Saturday, December 5, 2015

the thought continues


…In a culture where women are impotent, it is actually possible to imagine why they would turn to violence condoned within that culture if it means that they can finally make individual decisions and take personal action.  If killing the infidel is the only non-subservient act afforded to women in said culture, it is not hard to see how the choice might make sense…  

Twisted but imaginable.


Friday, December 4, 2015

thought running through my mind since yesterday


In what kind of a petri dish does a doctrine emerge that successfully encourages a mother to abandon her newborn baby in order to die as she kills and maims?  What kind of doctrine, while proclaiming its superiority, condones an attack on a center where the most vulnerable in society go to feel safe?  No amount of western humanist relativism and spouting off of “difference” can possibly accept such a doctrine as valid.  

Welcome to the Middle Ages with modern weaponry and the complicating factor of western belief in the sanctity of life (or something like it, most of the time)....



Tuesday, December 1, 2015

thought of the day



... the price of your second amendment,
 the benefits of which I have yet to figure out, 
is this shit...



Tuesday, November 10, 2015

The Funny Thing About Dynasties

It is political season in the land and one more Bush, and one more Clinton are running for president.  I know a whole lot about this Clinton and very little about this Bush.  I am old and politically tired, or should I say tired of political spectacles, or is it spectacle politics (?).  Marx said that history repeats itself, first as tragedy and then as farce; but these days history has been repeating itself so frequently that it no longer even has the bite of farce.  Though it was not always the case, now the whole thing just tires me out.

Last week I had two young ladies come to the door handing out Jeb flyers and asking me who I was voting for only to hear me say "undecided”.  It was a warm day, but a rainy one in a whole month of rainy ones, not a fun day to be schlepping cards in the suburbs.   As it turns out, my friend John was coming down the driveway when the girls were leaving and he asked me what they were trying to sell, I said, “Jeb”.   He said, “Aren’t they a little young for that?”  We both answered with “Young Republicans” at about the same time and concluded that they must really care if they were willing to trudge through that kind of crappy weather.  We then started reminiscing about when we were young and cared about issues.  

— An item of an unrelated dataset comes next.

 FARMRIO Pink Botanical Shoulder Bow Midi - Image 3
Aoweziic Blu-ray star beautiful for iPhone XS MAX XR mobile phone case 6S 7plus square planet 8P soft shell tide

John and I both had a similar experience in which we spent a whole night putting up flyers about something we cared about only to wake up and find them all gone after they were deemed inappropriate by some unseen and unknown power!   At this point in our lives, the censorship and affront to our first amendment right to free expression no longer surprises us, but knowing how hard it is to make things happen, we now can only marvel at the efficiency with which our expression was squashed and how fast the pamphlets we spent all night putting up were taken down.

My studio has been out of commission for structural reasons and I decided to spend the time it will take to fix it setting up a website for pictures of my work.  I was in the middle of doing that when the girls came by and when I then spent time shooting the shit with John.  I’m still working on the website and, coincidentally, just came upon the slide of the print I was telling John about, and from which I had made the pamphlets I had spent plastering all over Athens Ga that night in the political season of 1988. As it turns out, that was the year the first Bush President, George H, and Michael Dukakis were duking it out about non-issues. 

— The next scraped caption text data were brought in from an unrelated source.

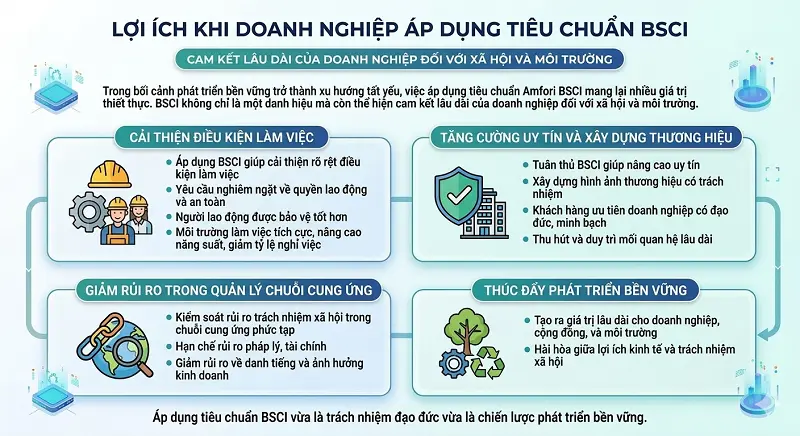 lợi ích khi áp dụng tiêu chuẩn BSCI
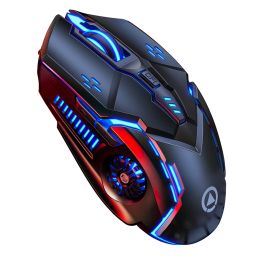 Muizen Oplaadbare A9 Luminous Silent Gaming Wireless Mouse 2.4G USB -muizen voor laptop desktopcomputer Perifere eSports Gamer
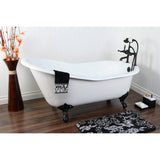 Aqua Eden 61-Inch Cast Iron Single Slipper Clawfoot Tub with 7-Inch Faucet Drillings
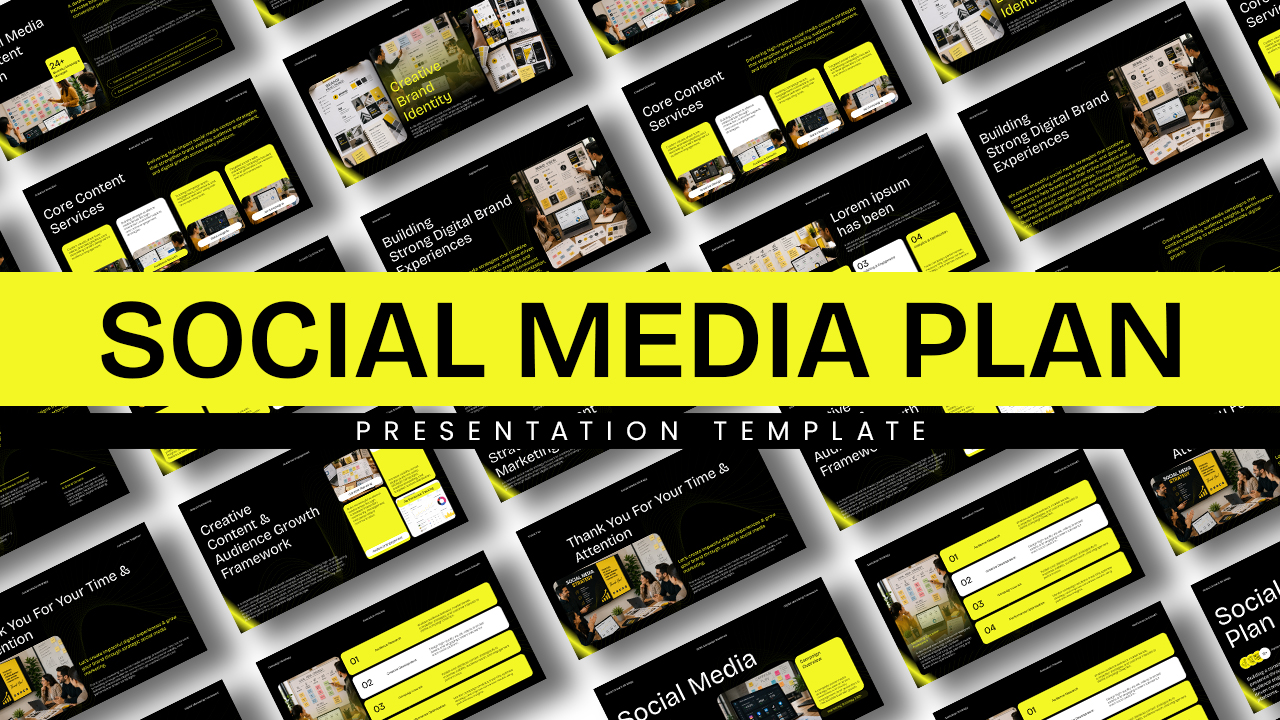 Social Media Plan Template - Black and yellow PowerPoint and Google Slides template preview with multiple slide layouts
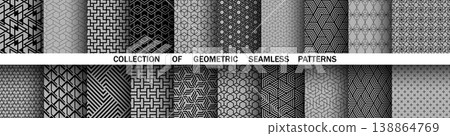 Geometric set of seamless black and gray patterns. Simple vector graphics Geometric set of seamless black and gray patterns. Simple vector graphics 138864769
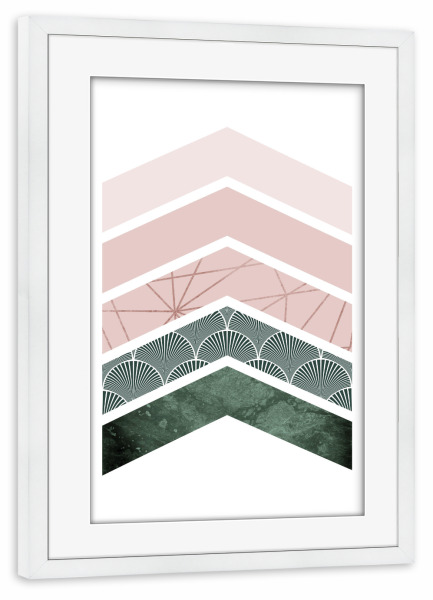 Poster mit Rahmen weiß "Scandinave Chevrons" artboxONE - Abstrakt,Geometrie - Chevrons,Arrows,Geometry,Geometric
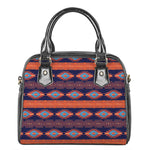 Blue And Orange Southwestern Print Shoulder Handbag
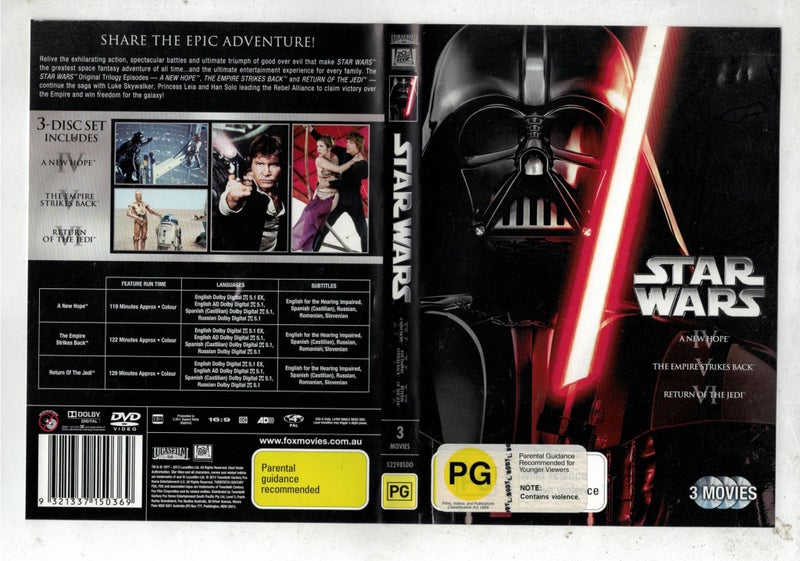 Star Wars IV, V VI, 3 disc set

Heck, history promises to keep repeating itself; and with another of H’s sons running for Office together with the publishing of H's new book criticizing personnel choices made by W when he was in the Office, I figured it was time to dust out ye ol’ angry print and digitize it here in ye ol’ angry blog for electronic eternity.  If I did not have other things to do, I would like to insert Hilary in the background cheering on.  ...hmmmm, maybe I still care.... 

(for those too young to know or too old to remember: Vote for a Gentle America was George Bush's campaign slogan for that season)


Campaign 88


detail




Tuesday, November 3, 2015

Weather Patterns: Not Quite the Same



My husband refuses to believe in global warming because he keeps hanging on to the fact that at some point during early days of the discussion some scientists expounding the theory, with politics always playing some role in the background, did something hinky with the statistical models in order to prove it.  There is nothing like a statistician, my husband, to not trust in statistics....  

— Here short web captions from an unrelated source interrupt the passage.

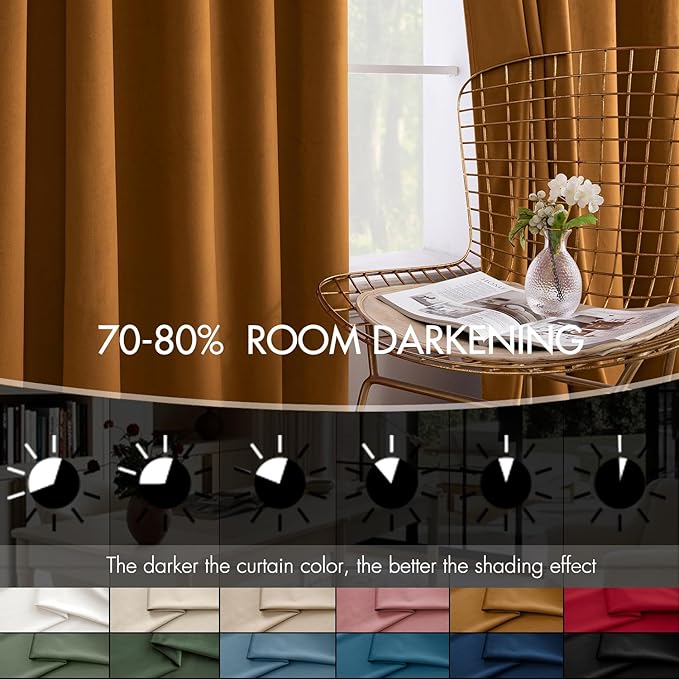 MIULEE Velvet Curtains 96 Inches Long 2 Panels Set for Bedroom, Pinch Pleat Back Tab Thermal Insulated Living Room Darkening Drapes Pleated Blackout Floor to Ceiling Curtains with Hooks, Golden Brown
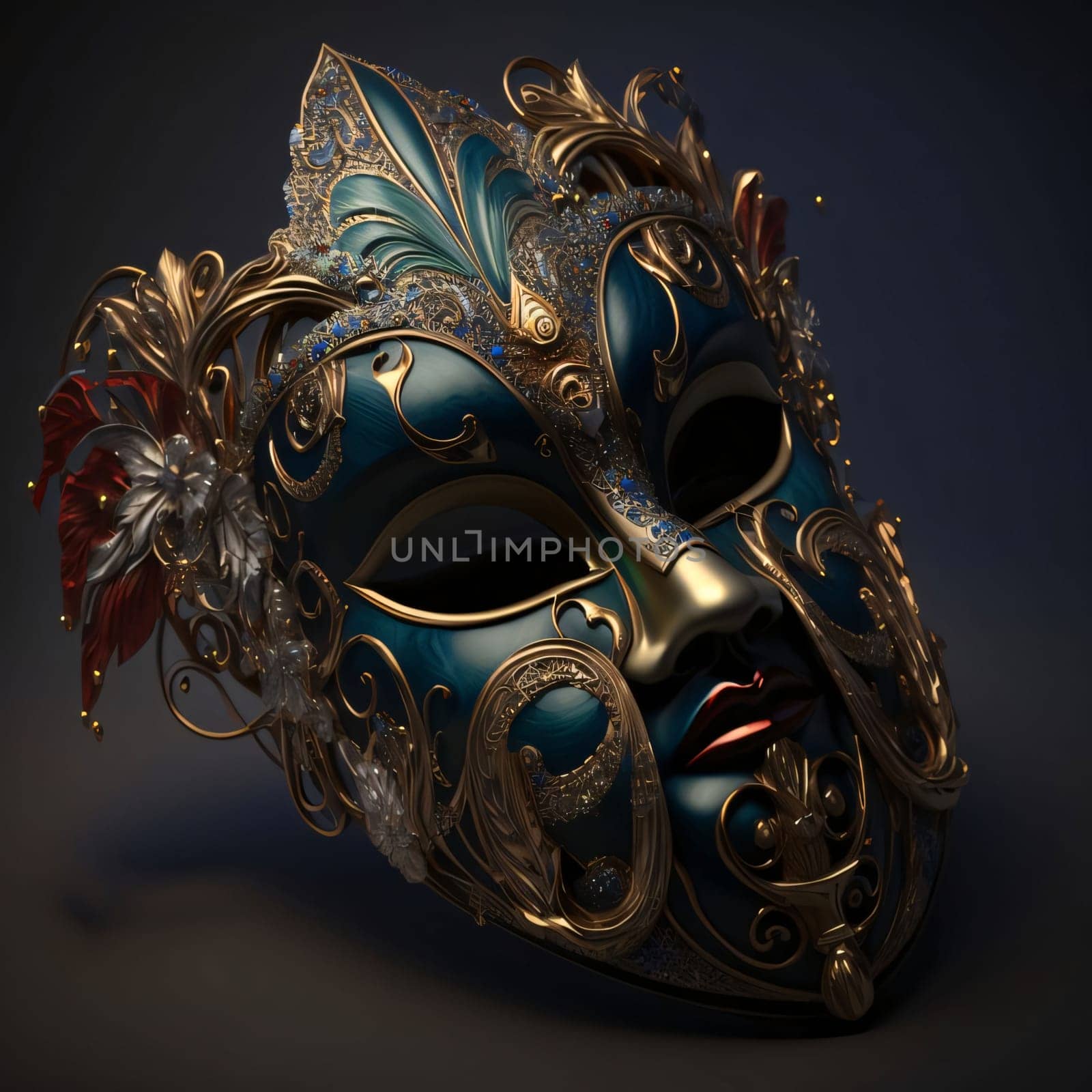 Dark carnival mask with gold ornaments on dark background. Carnival costumes, masks and decorations. A time of fun and celebration before the fast.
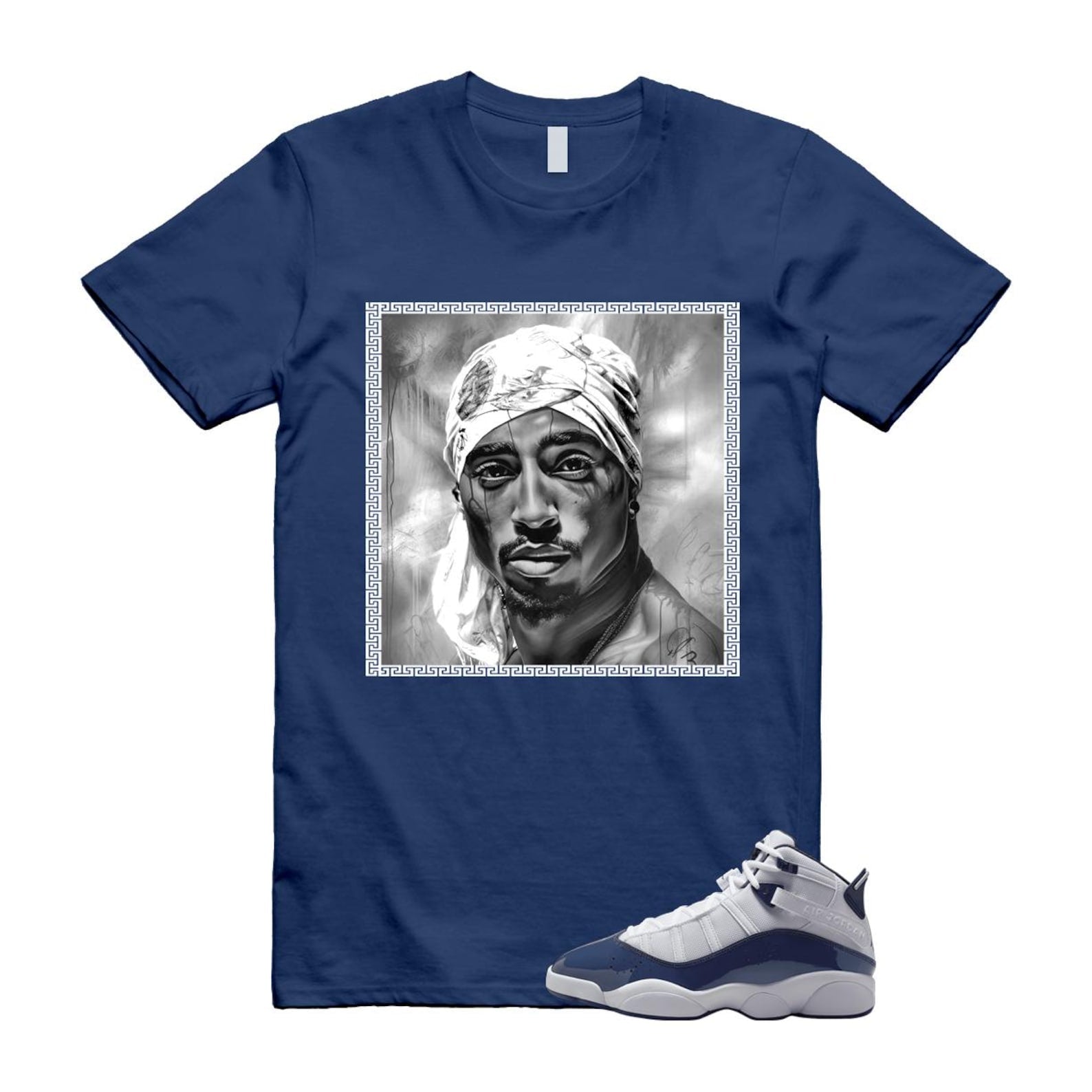 6 Rings White Midnight Navy T Shirt Match PAC 323419-124 T-Shirt, Sneaker Match Tee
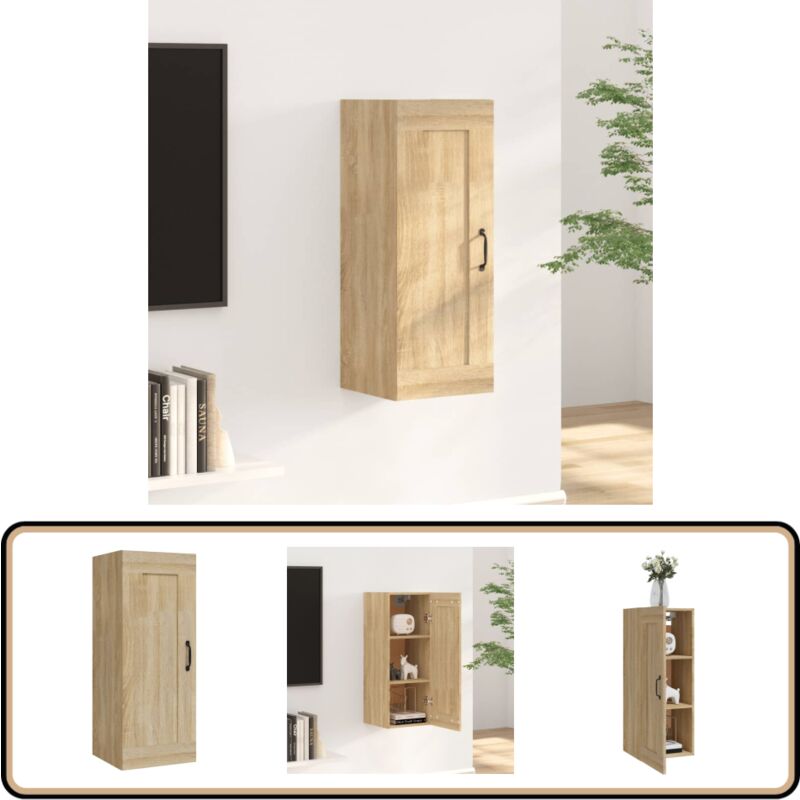Vidaxl - Armoire suspendue Chêne sonoma 35x34x90 cm Bois d'ingénierie - Armoire Suspendue - Meuble De Rangement - Étagère Murale - Décoration Murale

Whatever the bottom truth to it all is, my deciduous azalea and my rhododendron, spring flowering shrubs that have flowered for me every April-May in the past 25 years, have decided to flower in November this year. Something, whatever it is, is decidedly fucked up.


Thursday, October 29, 2015

2Five Years


if the above can't be seen, click:


lyrics translation here-> Bienal

I am nothing if not repetitive, 
after all I am a printmaker; but I am moving on... 








Monday, August 31, 2015

Irony: situational or cosmic?



+/- 1933-1939:  Until Nazi Germany started World War II in 1939, antisemitic legislation in Germany served to "encourage" and ultimately to force a mass emigration of German Jews. The government did all it could to induce the Jews to leave Germany. In addition to making life miserable, the German authorities reduced bureaucratic hurdles so those who wanted to leave could do so more easily. source   (not that the German Jewry could take their belonging or were easily given asylum in other countries...) By September 1939, approximately 282,000 Jews had left Germany and 117,000 from annexed Austria. source

 2015: The German government had earlier forecast that 450,000 asylum seekers could arrive in 2015, but is now set to increase that to 650,000 or higher. source (not Jews)


Tuesday, July 14, 2015

Dead and Buried

Waking up to NPR's Morning Edition yesterday, I came to find out that Omar Sharif had died and was buried in an out of the way cemetery in Cairo (listen to story by clicking on link in previous sentence).  Although the only film of his I saw was Dr Zhivago (the plot of which I don’t remember, but then I rarely remember movie plots), I felt my heartstrings tightening for reasons that will become self-evident shortly.

Yesterday afternoon I logged onto the Morning Edition site in order to leave a comment and noticed that someone had left a feminist (sounding) one complaining about the reporter’s attention to the attire worn by one of the actresses attending the funeral.  I responded to the comment in defense of the reporter as I don’t think her description of the actress’ “pencil skirt” was in any way demeaning to women...  I copy hereunder the comments, mine included, on NPR’s reporting of the burial of Omar Sharif:

·         What's the journalistic point of mentioning what the Lebanese actress wore to the funeral? If an explicit point isn't made, then the only thing its inclusion does is reinforce that women are constantly being judged for what they're wearing.



I don’t think the reporter was being “anti-feminist” by reporting on the actress’ attire; she was just using it as a device to paint a picture of the cosmopolitan glamour of Cairo represented by the movies of Omar Sharif and, by extension, of Sharif himself...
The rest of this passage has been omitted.